• Data section:
######

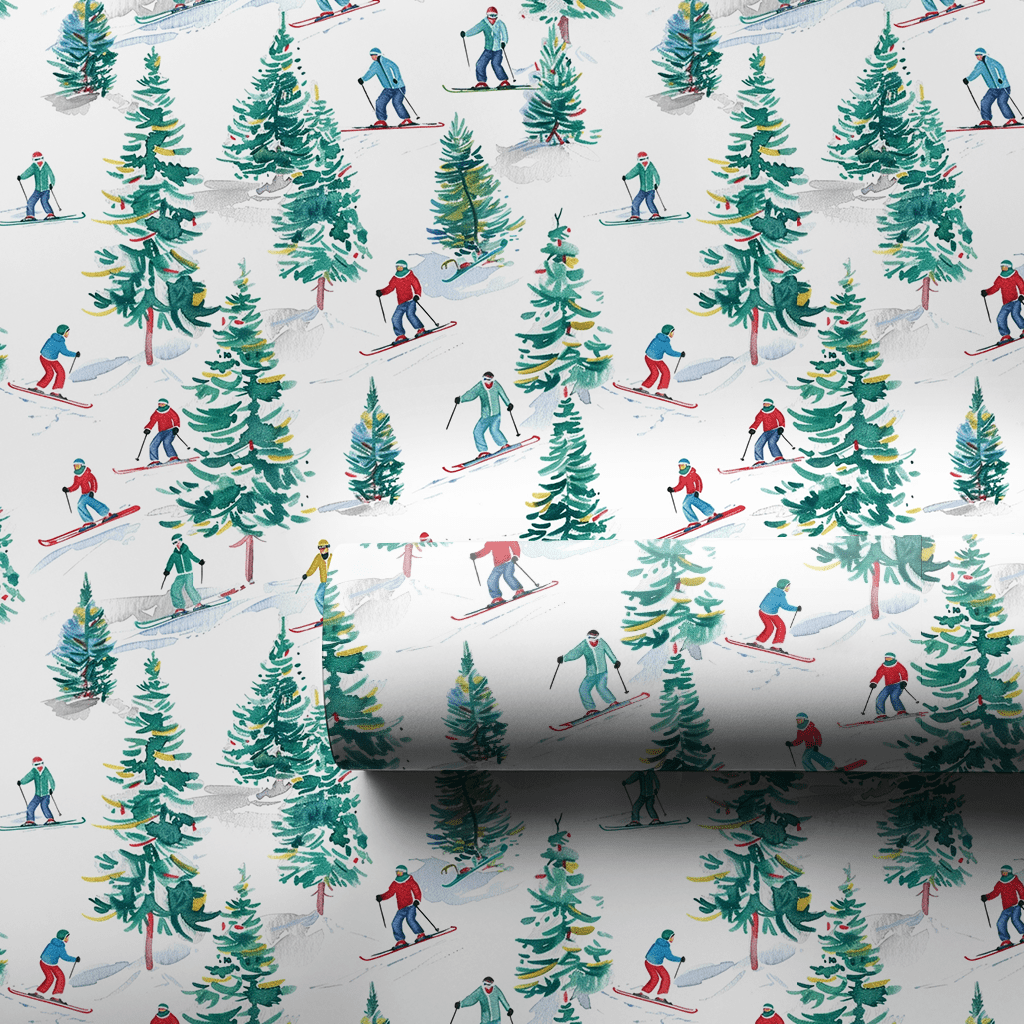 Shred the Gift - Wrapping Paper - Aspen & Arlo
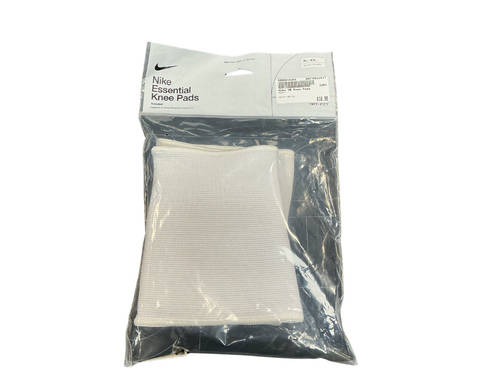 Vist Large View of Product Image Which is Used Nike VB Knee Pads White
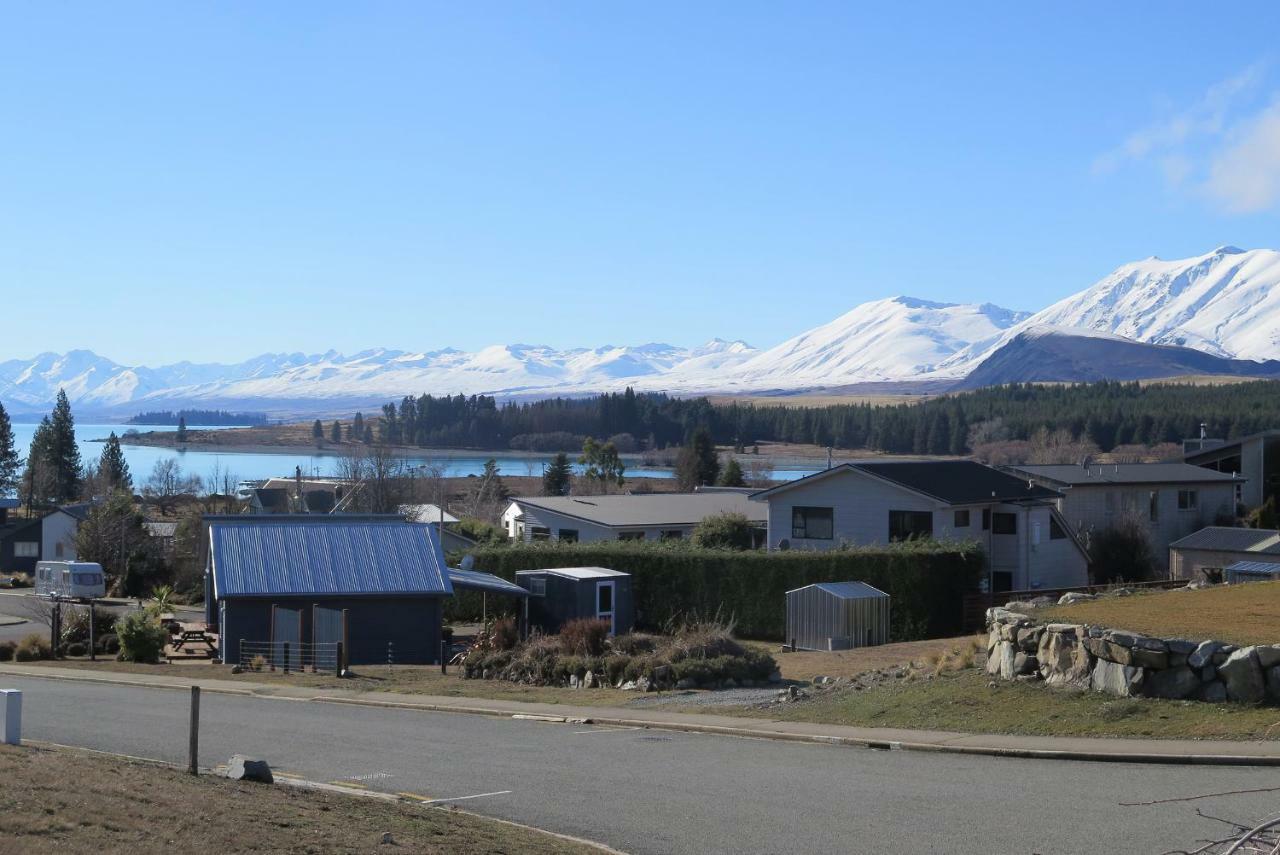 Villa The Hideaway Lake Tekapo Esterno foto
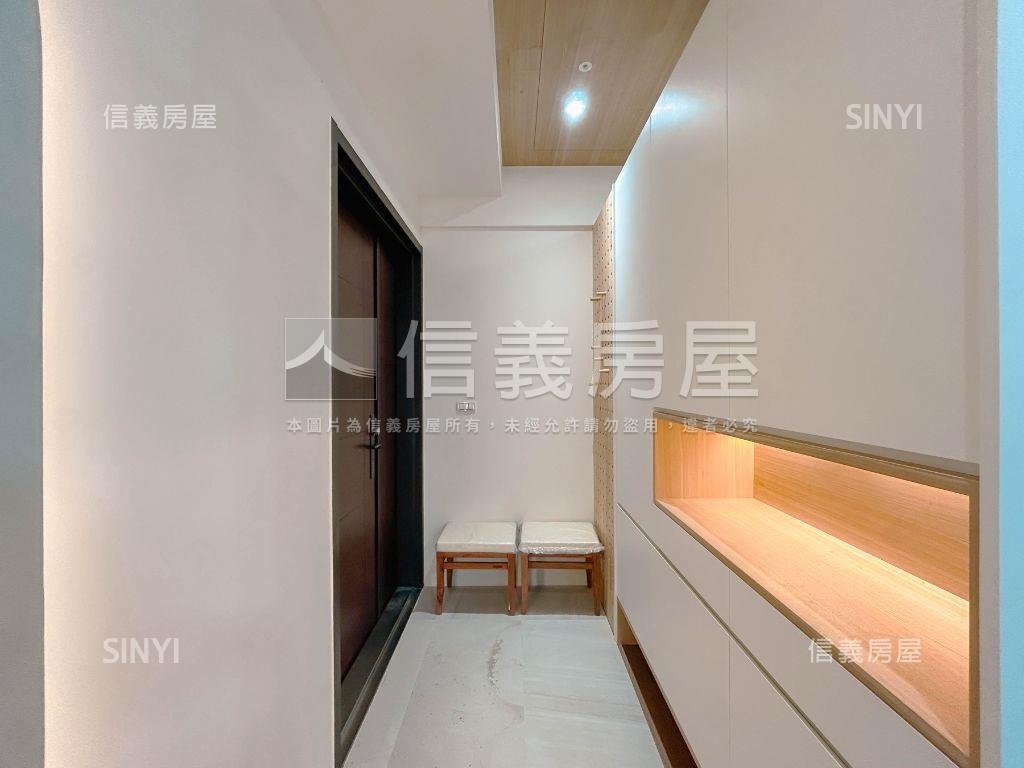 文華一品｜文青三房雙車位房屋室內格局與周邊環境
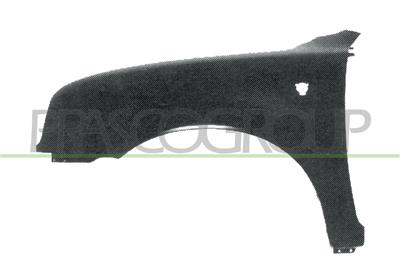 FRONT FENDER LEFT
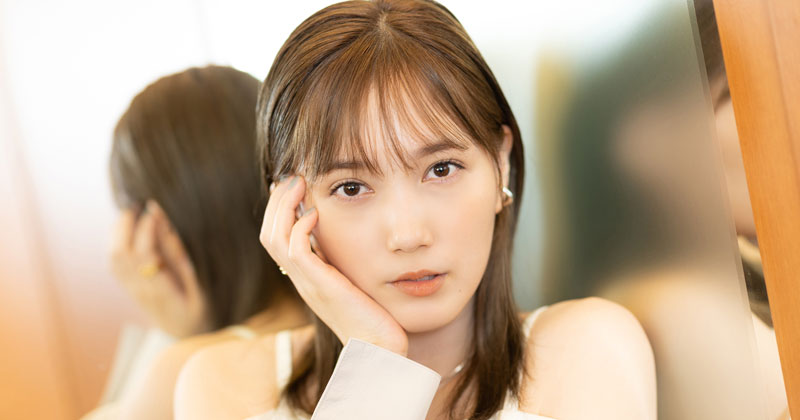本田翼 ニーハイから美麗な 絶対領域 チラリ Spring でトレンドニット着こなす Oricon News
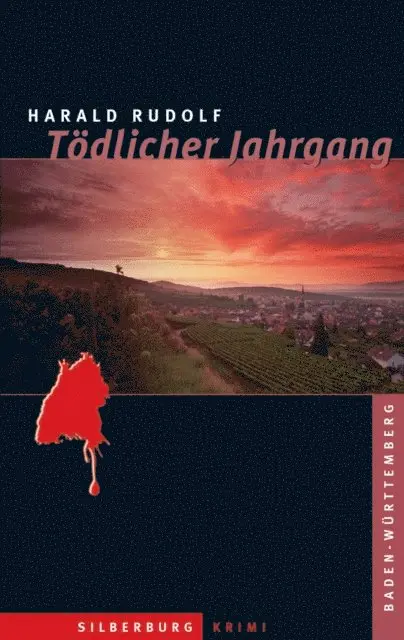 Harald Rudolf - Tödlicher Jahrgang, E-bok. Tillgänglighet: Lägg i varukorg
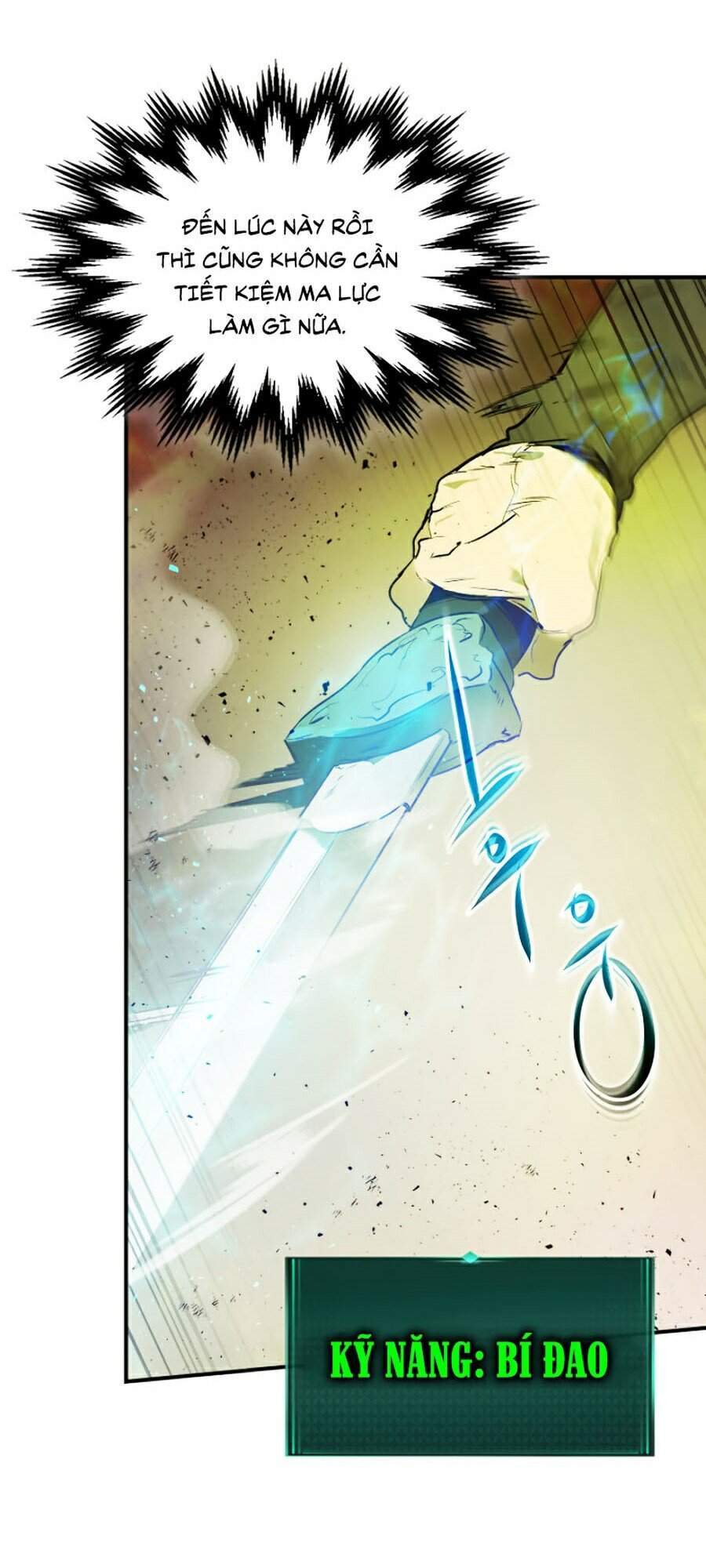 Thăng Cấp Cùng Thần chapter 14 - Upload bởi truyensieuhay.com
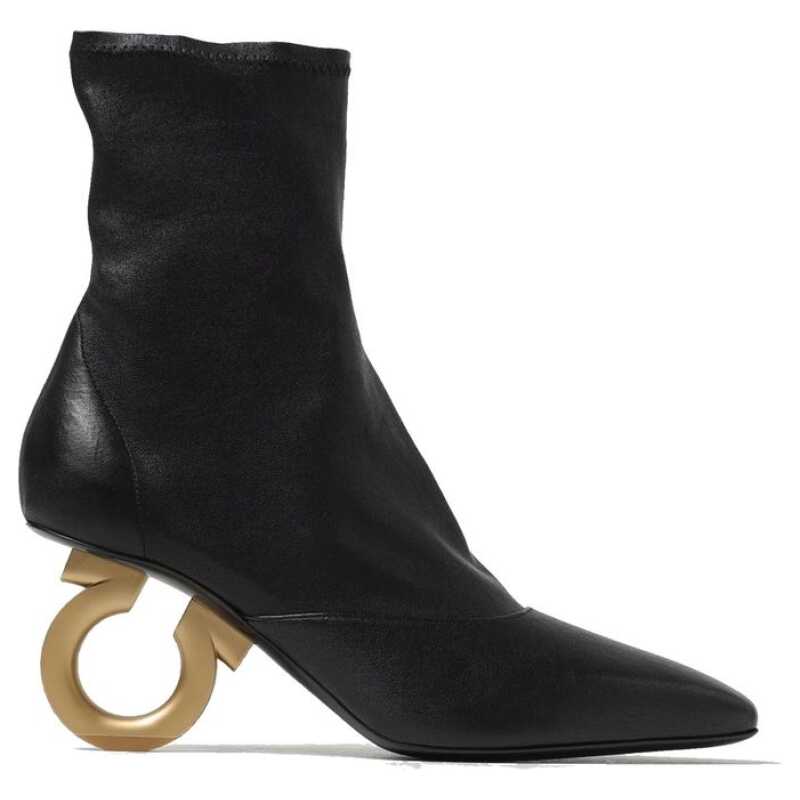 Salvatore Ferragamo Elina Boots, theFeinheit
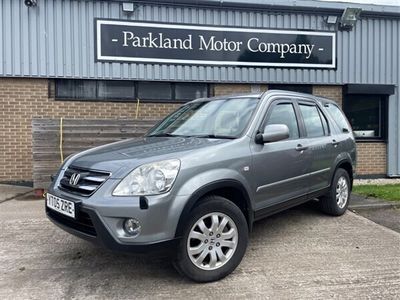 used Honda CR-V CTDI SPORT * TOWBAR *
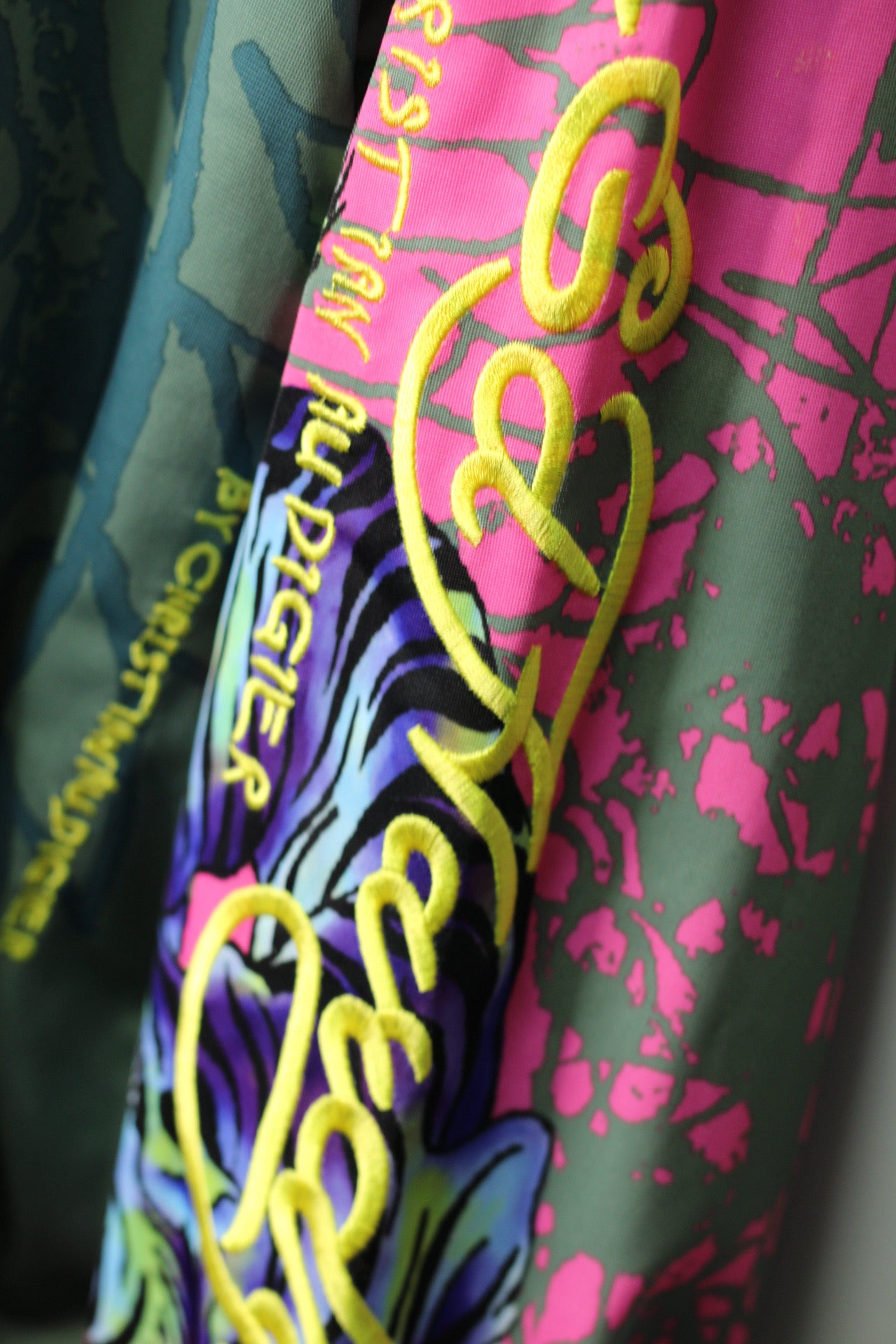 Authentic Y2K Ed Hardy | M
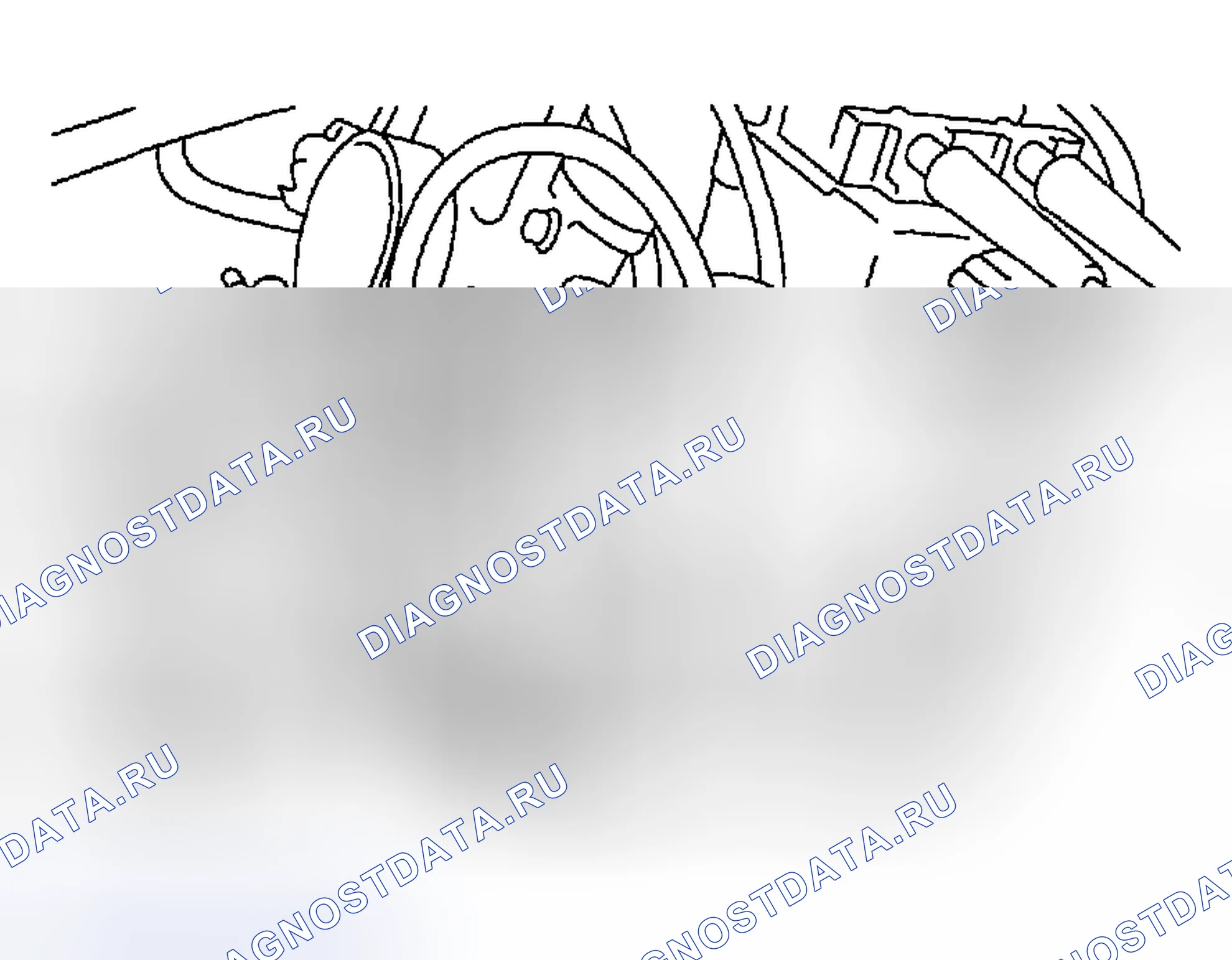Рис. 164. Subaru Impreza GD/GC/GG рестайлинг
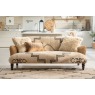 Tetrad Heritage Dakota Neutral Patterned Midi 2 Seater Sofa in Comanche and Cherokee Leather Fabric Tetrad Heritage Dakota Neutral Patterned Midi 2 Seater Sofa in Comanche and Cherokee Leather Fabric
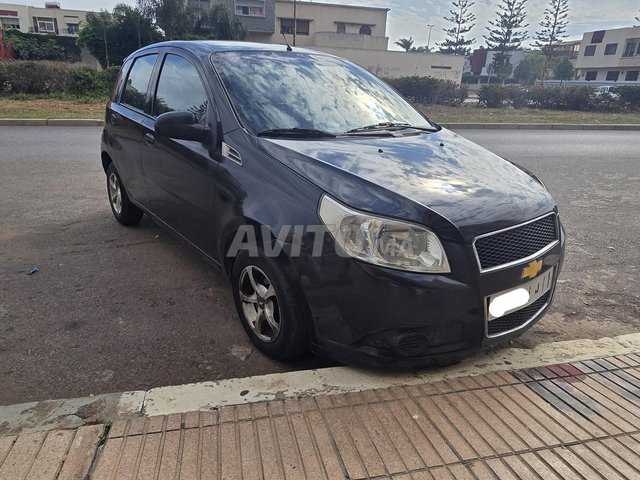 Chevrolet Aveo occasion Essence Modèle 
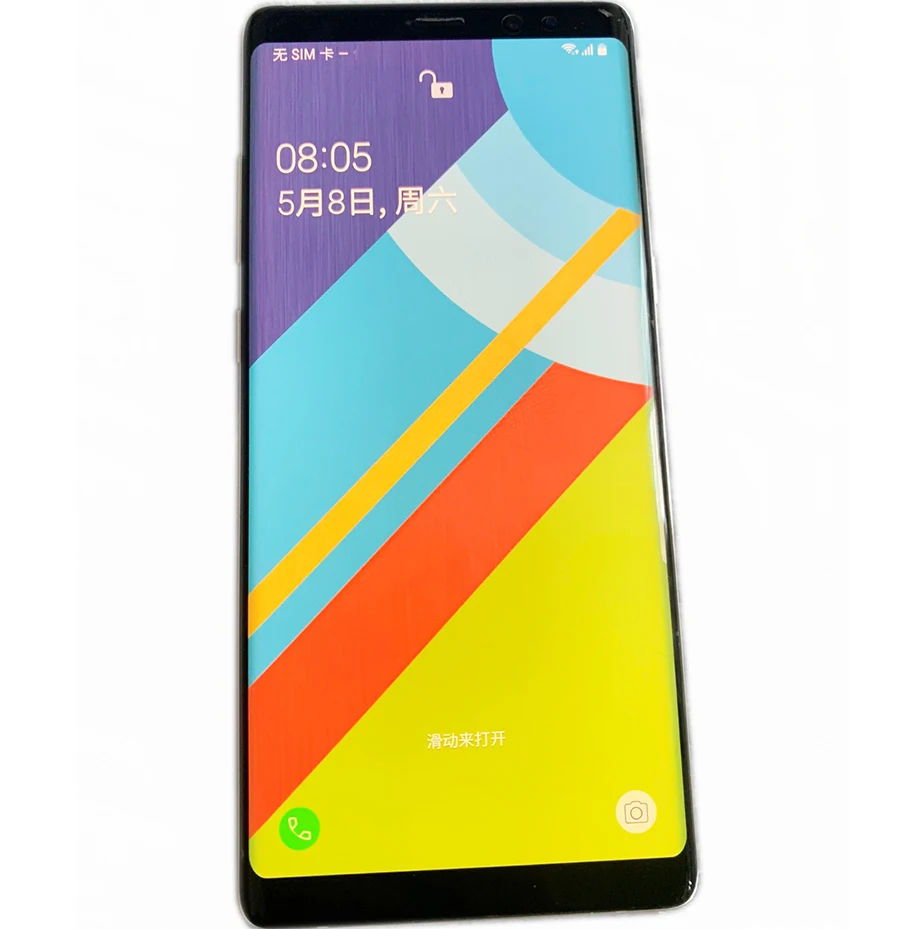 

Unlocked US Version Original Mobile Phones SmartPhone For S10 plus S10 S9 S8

######

• Required work: Nothing but the lines above from the one that has "文華一品｜文青三房雙車位房屋室內格局與周邊環境" down to the one that has "Chevrolet Aveo occasion Essence Modèle" belongs in the answer, copied exactly, without pictures.

• Your response:
 文華一品｜文青三房雙車位房屋室內格局與周邊環境
 FRONT FENDER LEFT
本田翼 ニーハイから美麗な 絶対領域 チラリ Spring でトレンドニット着こなす Oricon News
 Harald Rudolf - Tödlicher Jahrgang, E-bok. Tillgänglighet: Lägg i varukorg
 Thăng Cấp Cùng Thần chapter 14 - Upload bởi truyensieuhay.com
 Salvatore Ferragamo Elina Boots, theFeinheit
 used Honda CR-V CTDI SPORT * TOWBAR *
 Authentic Y2K Ed Hardy | M
Рис. 164. Subaru Impreza GD/GC/GG рестайлинг
 Tetrad Heritage Dakota Neutral Patterned Midi 2 Seater Sofa in Comanche and Cherokee Leather Fabric Tetrad Heritage Dakota Neutral Patterned Midi 2 Seater Sofa in Comanche and Cherokee Leather Fabric
 Chevrolet Aveo occasion Essence Modèle 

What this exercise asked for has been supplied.